A Polícia Federal (PF), em conjunto com as polícias Civil e Militar (PM), prendeu ontem cinco homens suspeitos de envolvimento com o comando do tráfico de entorpecentes em Bauru. A ação fez parte da Operação Fênix, que realizava investigações há dois meses e foi deflagrada na última terça-feira, com o desmantelamento de um ponto de refino e armazenamento de drogas no Núcleo Gasparini e prisão de três pessoas por tráfico.
A PF não forneceu os nomes dos acusados, que foram recolhidos com mandado de prisão temporária de 30 dias, sob alegação de associação para o tráfico. Neste período, a PF dará prosseguimento às investigações e caso as suspeitas sejam comprovadas, os homens terão sua prisão preventiva decretada até o julgamento da ação.
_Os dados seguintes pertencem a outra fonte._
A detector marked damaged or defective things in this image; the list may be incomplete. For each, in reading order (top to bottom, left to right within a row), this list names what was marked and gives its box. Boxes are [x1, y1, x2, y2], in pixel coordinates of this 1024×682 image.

Ainda há a possibilidade de renovação da prisão temporária ou de liberação dos suspeitos, se nenhuma das acusações for comprovada.
De acordo com o delegado da PF Guilherme Maddarena, os cinco acusados seriam nomes importantes ligados ao comando da produção e venda de drogas em Bauru e região, revendedores e responsáveis pelo apoio logístico ao tráfico.
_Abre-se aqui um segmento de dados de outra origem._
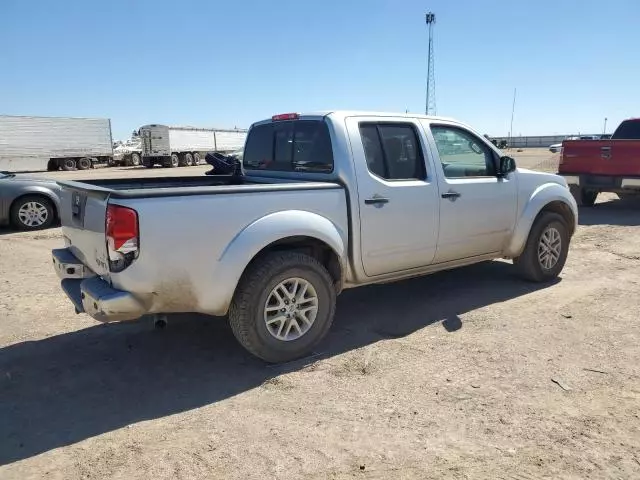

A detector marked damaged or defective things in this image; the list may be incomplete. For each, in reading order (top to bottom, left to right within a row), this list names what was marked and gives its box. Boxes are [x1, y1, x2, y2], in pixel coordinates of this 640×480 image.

rear bumper damage [51, 248, 146, 322]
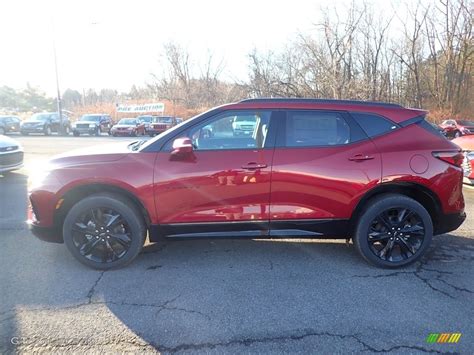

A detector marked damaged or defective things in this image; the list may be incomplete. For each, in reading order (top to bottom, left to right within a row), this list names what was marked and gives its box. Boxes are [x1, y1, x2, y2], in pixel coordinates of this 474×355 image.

crack in asphalt [150, 330, 446, 354]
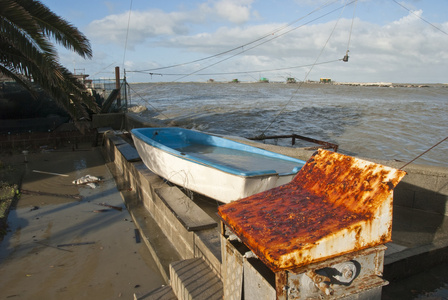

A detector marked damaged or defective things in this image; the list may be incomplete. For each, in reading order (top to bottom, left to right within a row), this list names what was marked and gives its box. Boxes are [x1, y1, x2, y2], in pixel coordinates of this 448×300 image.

rusty lid [217, 149, 406, 272]
rusted metal surface [217, 149, 406, 274]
“Um deles estava envolvido com clonagem de celular e outros dois estavam relacionados com aquele ponto de refino de droga. Prendemos outra pessoa que era ‘cliente’ deles e revendia a droga, era um dos gerentes do tráfico da cidade. E mais uma pessoa que praticava crimes correlatos para apoio a eles”, aponta o delegado.
Também foram apreendidos computadores, disquetes, um disco rígido e aparelhos celulares que podem ser fruto de clonagem de outros telefones. Segundo Maddarena, também foram encontrados equipamentos e programas de computador utilizados para a clonagem dos celulares. Os objetos e as informações armazenadas nos equipamentos serão analisados pela perícia da PF, que também vai averiguar se os telefones apreendidos ou outros aparelhos passaram por clonagem.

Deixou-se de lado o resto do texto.